The story of Jesus washing his disciples’ feet is one I often explore with groups of educators. It’s a beautiful story of service and of being really present to those you are with. But I believe it contains another message from Jesus to his followers – the challenge to learn by ‘trying on someone else’s shoes’. Putting oneself in a new position opens up the opportunity to see the world from a new perspective.

In his book ‘Empathy and the Art of Living’, Krznaric explores the power of ‘empathetic adventures’. He cites various examples, including Gandhi, Francis of Assisi and George Orwell (some of whose “temporary experiments in living the life of others” are explored in ‘Down and out in London and Paris’). Krznaric goes on to suggest that “many of the most important shifts in history have taken place not when there has been a change in governments, laws or economic systems, but when there has been a change in the social fabric of empathy”.

In this Year of Mercy, we are called to practical action – service and acts of charity. But we mustn’t forget that learning is a vital part of doing! I feel this is especially true for those of us privileged to work with the young (teachers, parents, youth workers, catechists and so on). Embracing learning opportunities to take us out of our comfort zones and encounter something of J and P issues gives us firsthand experience and passion to share with young people.

One of the joys of being the Columban’s Justice and Peace Education Worker is offering these kind of learning experiences. Over the last year this has included taking teachers, parents and youth workers to witness acts of non-violent direct action, visit prisons, ‘sleep out’, interview and write campaign letters with homeless and ex-homeless people, encounter Christians and Muslims involved in Inter-Religious Dialogue in the UK and (via the internet) Pakistan, a learning visit to the ‘borderlands’ between Mexico and the USA, and meeting with refugees and asylum seekers.

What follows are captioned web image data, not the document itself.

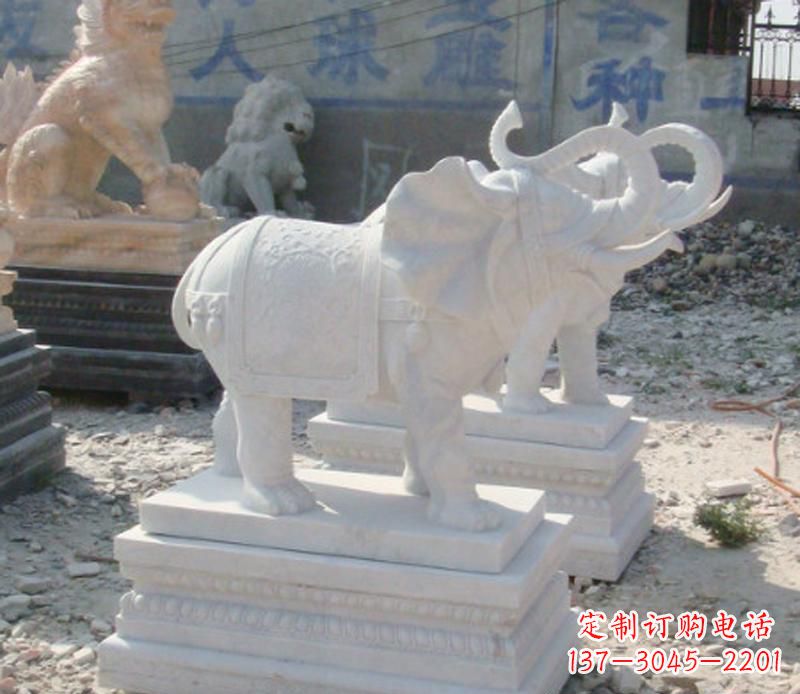 烟台汉白玉天然大象雕塑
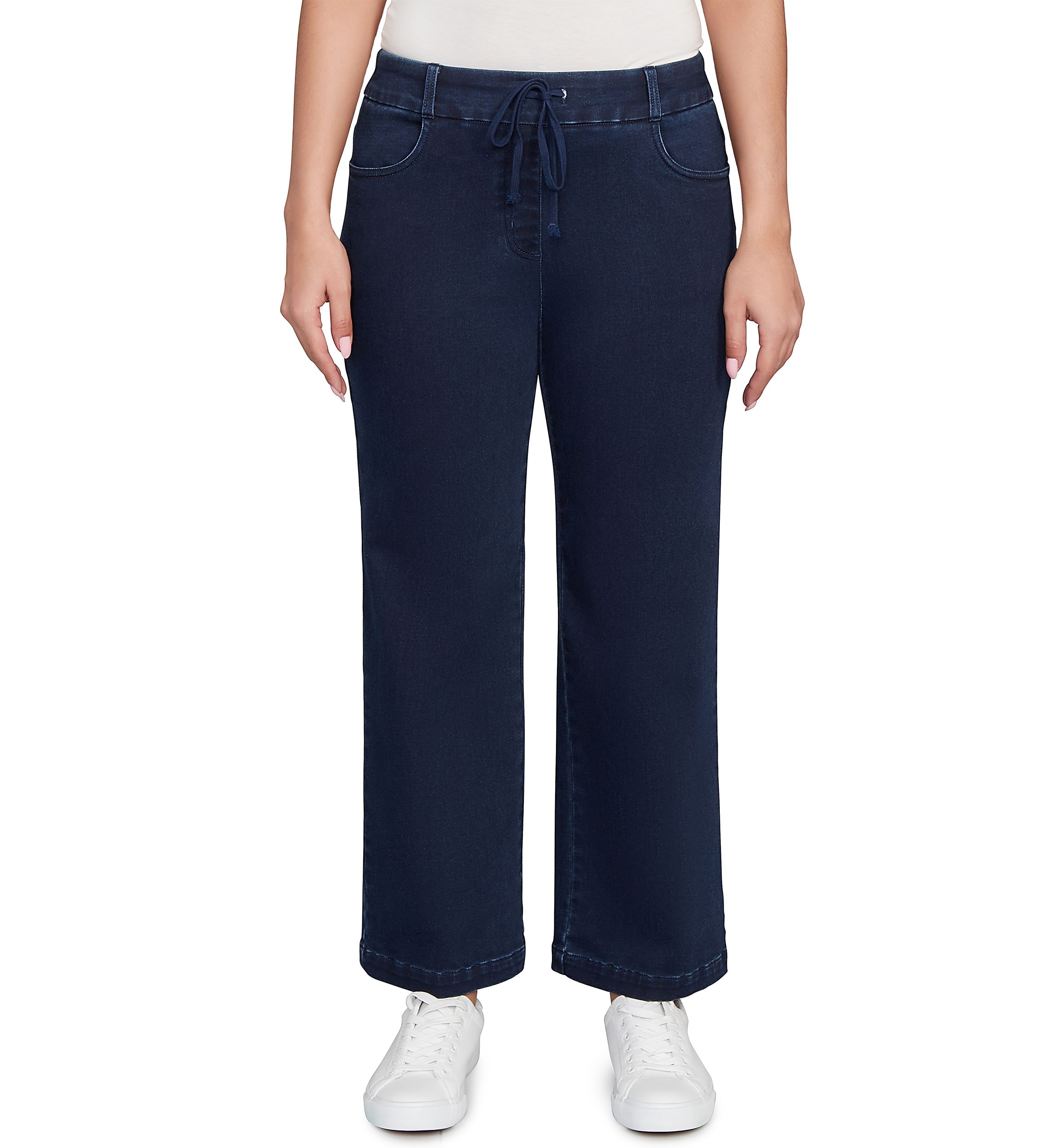 Womens Drawstring Terry Denim Wide Leg Jeans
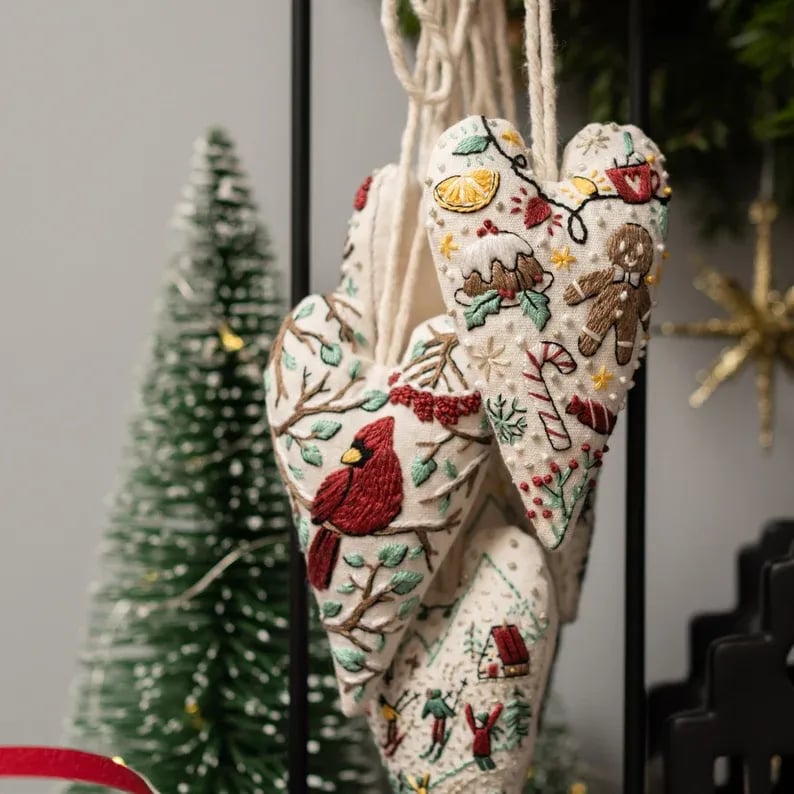 🎉Early Christmas Sale-49% Off🎅DIY Heart Shaped Hand Embroidered Christmas Ornament Kit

What kind of learning might this result in?

Jesuit youth worker, visited prison:

We all have the potential to do better and to be better, and we have someone who is fiercely and loyally campaigning for us – Jesus Christ. We need to be that person for others. This is what this experience meant for me. 

Youth worker, visited refugees with the Columban Lay Missionaries:

It was particularly eye opening as the women were completely honest about their experiences of detention centres which I hardly knew anything about beforehand. The stories the women shared were shocking. I don’t think I would have ever had the chance to hear their stories in any other situation.

Parent, visited prison:

It gave us a chance to understand what it means to visit those in prison, and how the acts of mercy that Pope Francis is encouraging us to undertake in this Jubilee year are not that hard. We just need to get on with them, knowing that God loves all of us.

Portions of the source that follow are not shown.